Eleven Continental Park neighbors have formed a security patrol to help protect the area from a recent rash of home burglaries and car thefts. “That’s really the reason why we decided to organize this effort,” said attorney Elliott Zack, member and former chair of the East Kendall Community Council.
“I happened to see what the folks in Eastern Shores (North Miami Beach) did to help police with surveillance, and we decided we could do the same thing here.”
Despite increased Miami-Dade Police patrols in the Kendall and Hammocks districts, home burglaries and car thefts have continued to plague residents of Continental Park and areas north of the Falls in East Kendall.
During a recent Crime Watch meeting at the Dice House, Zack and several neighbors decided to volunteer their time for neighborhood patrolling as one way to help spot suspicious activities or individuals, and notify police.
“We have been directed by police and Citizens Crime Watch to call the police if we see anything unusual,” explained Holly White who also serves as president of the Continental Park Homeowners Association, adding “We’re not part of either of those organizations.”
To identify themselves each group member purchased bright yellow magnetic- attached signs labeled: “Continental Park Security,” affixed to private vehicles during their patrols.
Robert Csanalosi affixed his sign on the front hood of his blue “Viper”-powered three-wheeler for duty tours.

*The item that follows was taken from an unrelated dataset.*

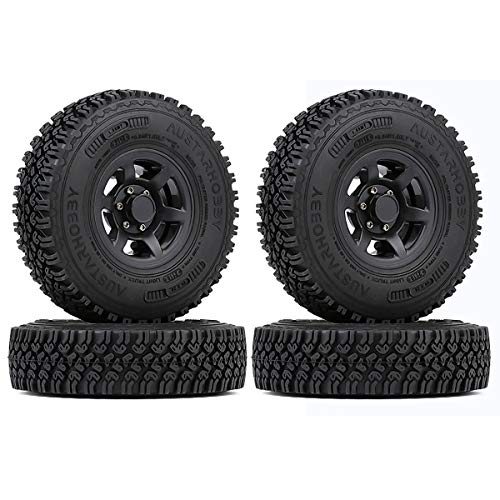 4PCS/Set RC Car 1.55 Inch Beadlock Plastic Wheel Rim Rubber Tires Compatible with 1/10 RC Crawler Car Axial AX90069 D90 TF2 Tamiya CC01 LC70 (Black) - color: Black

Each member volunteers two hours each month for the patrols.
Both Zack and White said their informal surveillance should not be misunderstood as a “vigilante” move to take law enforcement into their own hands.
They noted the recent killing of Trayvon Martin, 17, by George Zimmerman, a selfappointed security watcher in a Sanford community, giving rise to racial issues and a massive media focus on citizens assuming policing duties.
“We do not endanger ourselves or anyone else. We are not armed in any way, except with our cell phones,” White emphasized.
“Just last week, we had acts of vandalism at Continental Park when dirt was taken from the baseball field to smear around the clubhouse. Some cars also got egged. We want to help prevent this kind of mischief-making, too.”